PALANGKA RAYA – Masyarakat Dayak Desa Marapit Kecamatan Kapuas Tengah, Kabupaten Kapuas, Provinsi Kalimantan Tengah (Kalteng) melaporkan PT Bina Sarana Sawit Utama (PT BSSU) ke Ditreskrimum Polda Kalteng atas dugaan tindak pidana penyerobotan tanah adat.
Ketua Kalteng Watch, Men Gumpul sebagai Pendamping Hukum para pelapor mengatakan, pada hari ini kami kedatangan Masyarakat Pujon dengan membawa suatu persoalan dan sudah melaporkan ke Polda Kalteng dengan membawa dokumen kepemilikan sah.
“Tanah mereka diklaim atau diserobot oleh salah satu Perusahaan besar sawit yang bernama PT Bina Sarana Sawit Utama atau PT BSSU,” Kata Gumpul kepada awak media, Senin 29 Januari 2024.
Pasalnya, pihak PT BSSU diduga telah menyerobot tanah adat Dayak milik masyarakat Desa Marapit seluas 113,5 Ha.

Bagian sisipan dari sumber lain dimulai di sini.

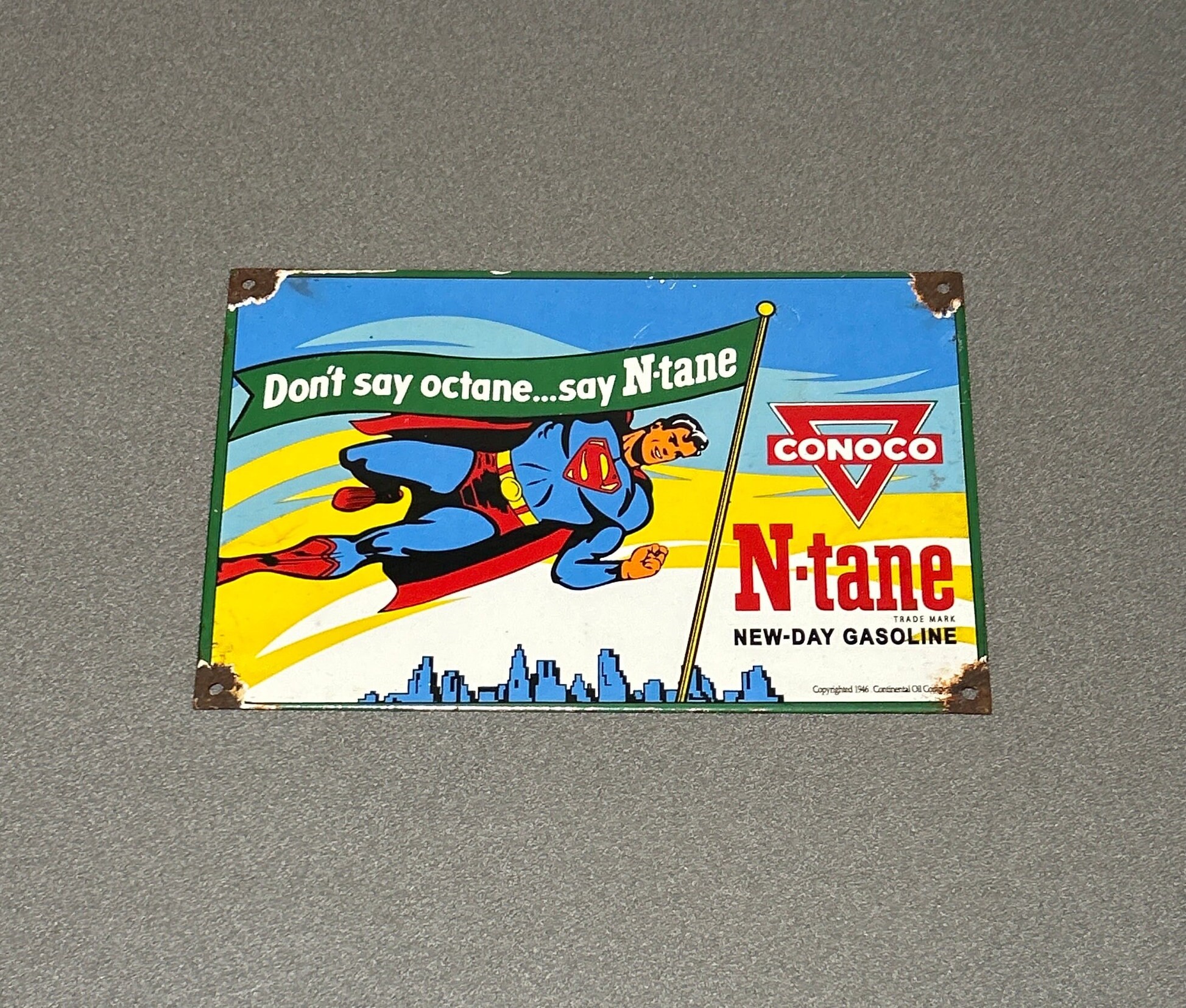 VINTAGE 12” 1946 SUPERMAN CONOCO N-tane Porcelain Sign Gas Oil Car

“Tanah ini milik ahli waris Ajak Jaya atas nama enam orang anaknya, sudah digarap pihak PT BSSU sejak tahun 1945, luar biasa sekali,” jelas Gumpul.
Lanjut Gumpul menjelaskan, selain tanah milik masyarakat, PT BSSU juga menggarap tanah yang berdiri Situs Budaya.
“Pihak PT juga menduduki yang diatasnya berdiri situs budaya yang bernama Karamat Ongko Mangku Suling atau Amai Suling,” terangnya.
Gumpul memaparkan, selain terdapat situs budaya, lokasi tersebut terdapat kebun buah dan daerah yang dilarang untuk di gusur.
“Ada Kaleka disana, yaitu kebun buah produktif dan menurut informasi disana juga ada daerah yang tidak boleh di gusur, namanya Paewan, faktanya saat ini keduanya kini telah digusur oleh pihak PT BSSU,” paparnya.
Gumpul menjelaskan, sebelum tanah tersebut digusur, pada tahun 2014 pihak ahli waris telah mematok batas tanah seluas 113,5 Ha.
“Mengapa luasnya hingga demikian, karena masyarakat Dayak memiliki budaya yaitu ladang berpindah, tapi bekas ladangnya itu selalu ditanami buah buahan,” jelasnya.
Ia menambahkan, Pihak ahli waris masih mempertanyakan dasar pihak PT BSSU telah menyerobot tanah adat tersebut.
“Menurut informasi yang beredar, konon katanya pihak PT BSSU membeli, tapi pihak ahli waris tidak tahu siapa penjualnya dan penjual tersebut sudah tentu bukan hak nya,” ucapnya.
Gumpul berkesimpulan bahwa pihak PT BSSU dianggap sebagai penadah atau bersekongkol melakukan tindak pidana penyerobotan tanah milik orang lain.
“Mereka (ahli waris) sudah berjuang dan berusaha untuk bertemu dengan pihak PT BSSU sebanyak delapan kali, namun tidak membuahkan hasil,” ujar Gumpul.
Berdasarkan hal tersebut, lanjut Gumpul, pihak ahli waris berusaha mencari tahu dengan mendatangi Kalteng Watch Anti Mafia Tanah.
“Mereka sepakat untuk menempuh jalur hukum pidana dengan pasal 385 KHUP yaitu penyerobotan tanah,” Tutupnya.